There are N number of persons in a party, find the total number of handshake such that a person can handshake only once.

Examples:

Input : 5
Output : 10

Input : 9
Output : 36

Recommended: Please try your approach on {IDE} first, before moving on to the solution.

We can see a recursive nature in the problem.
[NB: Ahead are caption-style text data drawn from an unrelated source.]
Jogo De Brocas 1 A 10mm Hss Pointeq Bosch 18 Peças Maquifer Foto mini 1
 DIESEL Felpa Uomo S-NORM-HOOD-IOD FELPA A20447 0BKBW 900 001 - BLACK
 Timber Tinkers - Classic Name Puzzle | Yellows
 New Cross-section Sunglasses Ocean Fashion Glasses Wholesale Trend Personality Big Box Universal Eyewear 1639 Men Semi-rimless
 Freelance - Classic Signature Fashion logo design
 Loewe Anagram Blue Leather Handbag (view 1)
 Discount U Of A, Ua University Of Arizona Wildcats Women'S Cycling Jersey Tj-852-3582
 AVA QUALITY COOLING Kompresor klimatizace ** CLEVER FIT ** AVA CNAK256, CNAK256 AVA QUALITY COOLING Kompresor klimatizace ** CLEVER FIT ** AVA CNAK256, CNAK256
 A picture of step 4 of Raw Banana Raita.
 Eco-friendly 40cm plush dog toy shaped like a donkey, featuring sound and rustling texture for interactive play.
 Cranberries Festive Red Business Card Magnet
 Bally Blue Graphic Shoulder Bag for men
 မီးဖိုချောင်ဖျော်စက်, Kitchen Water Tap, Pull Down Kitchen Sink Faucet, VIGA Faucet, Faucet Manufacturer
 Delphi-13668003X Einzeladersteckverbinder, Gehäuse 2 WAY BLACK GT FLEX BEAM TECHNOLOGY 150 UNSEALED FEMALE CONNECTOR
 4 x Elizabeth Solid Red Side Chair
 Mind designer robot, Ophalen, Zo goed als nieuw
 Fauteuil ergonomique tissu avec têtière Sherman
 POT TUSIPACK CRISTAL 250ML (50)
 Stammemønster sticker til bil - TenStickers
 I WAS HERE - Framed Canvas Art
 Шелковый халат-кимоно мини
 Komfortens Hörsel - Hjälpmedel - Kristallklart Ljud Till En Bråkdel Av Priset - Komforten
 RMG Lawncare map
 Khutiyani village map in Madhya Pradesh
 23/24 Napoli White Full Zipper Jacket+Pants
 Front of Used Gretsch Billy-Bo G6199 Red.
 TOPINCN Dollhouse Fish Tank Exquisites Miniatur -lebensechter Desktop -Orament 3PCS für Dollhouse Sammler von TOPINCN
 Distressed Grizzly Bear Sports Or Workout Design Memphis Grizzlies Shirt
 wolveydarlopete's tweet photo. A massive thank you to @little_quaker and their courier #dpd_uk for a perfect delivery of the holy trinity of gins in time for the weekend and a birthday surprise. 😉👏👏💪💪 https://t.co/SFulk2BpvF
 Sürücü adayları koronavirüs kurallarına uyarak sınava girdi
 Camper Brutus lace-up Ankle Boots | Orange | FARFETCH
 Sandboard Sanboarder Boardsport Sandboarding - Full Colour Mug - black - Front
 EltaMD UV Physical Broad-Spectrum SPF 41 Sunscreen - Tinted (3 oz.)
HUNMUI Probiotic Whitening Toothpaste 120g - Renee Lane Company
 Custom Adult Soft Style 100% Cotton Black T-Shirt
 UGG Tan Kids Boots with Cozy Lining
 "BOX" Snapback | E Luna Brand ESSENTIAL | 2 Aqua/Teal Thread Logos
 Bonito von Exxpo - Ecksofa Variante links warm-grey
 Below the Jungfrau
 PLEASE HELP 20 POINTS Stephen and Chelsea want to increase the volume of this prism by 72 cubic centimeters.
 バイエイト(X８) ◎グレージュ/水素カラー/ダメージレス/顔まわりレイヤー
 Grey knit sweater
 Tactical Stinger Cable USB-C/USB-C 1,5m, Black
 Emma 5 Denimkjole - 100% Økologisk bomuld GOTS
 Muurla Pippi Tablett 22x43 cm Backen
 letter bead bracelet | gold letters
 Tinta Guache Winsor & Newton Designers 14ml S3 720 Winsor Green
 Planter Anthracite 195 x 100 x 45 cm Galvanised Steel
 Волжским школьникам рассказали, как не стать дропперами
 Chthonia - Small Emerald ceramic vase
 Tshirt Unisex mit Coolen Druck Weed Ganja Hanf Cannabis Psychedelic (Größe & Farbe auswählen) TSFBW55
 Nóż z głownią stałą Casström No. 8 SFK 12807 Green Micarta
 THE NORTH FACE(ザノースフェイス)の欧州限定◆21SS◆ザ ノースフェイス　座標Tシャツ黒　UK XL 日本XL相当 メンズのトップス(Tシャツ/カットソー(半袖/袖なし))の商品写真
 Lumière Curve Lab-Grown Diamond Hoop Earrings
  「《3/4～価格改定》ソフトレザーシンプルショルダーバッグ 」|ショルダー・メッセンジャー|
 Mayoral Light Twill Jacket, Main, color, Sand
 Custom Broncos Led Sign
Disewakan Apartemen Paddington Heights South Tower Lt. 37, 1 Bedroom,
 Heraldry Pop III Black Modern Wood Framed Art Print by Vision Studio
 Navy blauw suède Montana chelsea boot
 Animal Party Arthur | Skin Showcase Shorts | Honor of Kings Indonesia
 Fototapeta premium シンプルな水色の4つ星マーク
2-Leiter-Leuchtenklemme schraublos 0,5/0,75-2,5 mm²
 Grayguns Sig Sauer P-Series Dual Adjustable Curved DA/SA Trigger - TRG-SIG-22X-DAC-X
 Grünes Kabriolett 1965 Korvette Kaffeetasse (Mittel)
// n-th person has (n-1) choices and after
// n-th person chooses a person, problem
// recurs for n-1.
handshake(n) = (n-1) + handshake(n-1)

// Base case
handshake(0) = 0

Below is implementation of above recursive formula.

C++

// Recursive CPP program to count total  
// number of  handshakes when a person 
// can shake hand with only one. 
#include <stdio.h> 
  
// function to find all possible handshakes 
int handshake(int n)  
{ 
    // when n becomes 0 that means all the  
    // persons have done handshake with other 
    if (n == 0)  
        return 0; 
    else
        return (n - 1) + handshake(n - 1);  
} 
  
int main() 
{ 
    int n = 9; 
    printf("%d", handshake(n)); 
    return 0; 
} 

Java

// Recursive Java program to  
// count total number of  
// handshakes when a person 
// can shake hand with only one. 
import java.io.*; 
  
class GFG  
{ 
  
// function to find all 
// possible handshakes 
static int handshake(int n)  
{ 
    // when n becomes 0 that  
    // means all the persons  
    // have done handshake 
    // with other 
    if (n == 0)  
        return 0; 
    else
        return (n - 1) + handshake(n - 1);  
} 
  
// Driver Code 
public static void main (String[] args)  
{ 
    int n = 9; 
    System.out.print(handshake(n)); 
} 
} 
  
// This code is contributed  
// by chandan_jnu 

Python3

# Recursive Python program  
# to count total number of 
# handshakes when a person 
# can shake hand with only one. 
  
# function to find all  
# possible handshakes 
def handshake(n):  
  
    # when n becomes 0 that means  
    # all the persons have done 
    # handshake with other 
    if (n == 0): 
        return 0
    else: 
        return (n - 1) + handshake(n - 1)  
  
# Driver Code 
n = 9
print(handshake(n)) 
  
# This code is contributed  
# by Shivi_Aggarwal 

C#

// Recursive C# program to  
// count total number of  
// handshakes when a person 
// can shake hand with only one. 
using System; 
  
class GFG  
{ 
  
// function to find all 
// possible handshakes 
static int handshake(int n)  
{ 
    // when n becomes 0 that  
    // means all the persons  
    // have done handshake 
    // with other 
    if (n == 0)  
        return 0; 
    else
        return (n - 1) + handshake(n - 1);  
} 
  
// Driver Code 
public static void Main (String []args)  
{ 
    int n = 9; 
    Console.WriteLine(handshake(n)); 
} 
} 
  
// This code is contributed  
// by Arnab Kundu 

PHP

<?php 
// Recursive PHP program to   
// count total number of 
// handshakes when a person 
// can shake hand with only one. 
  
// function to find all  
// possible handshakes 
function handshake($n)  
{ 
    // when n becomes 0 that means  
    // all the persons have done 
    // handshake with other 
    if ($n == 0)  
        return 0; 
    else
        return ($n - 1) + handshake($n - 1);  
} 
  
// Driver Code 
$n = 9; 
echo(handshake($n)); 
  
// This code is contributed  
// by Shivi_Aggarwal 
?> 

Output:

We can come up with a direct formula by expanding the recursion.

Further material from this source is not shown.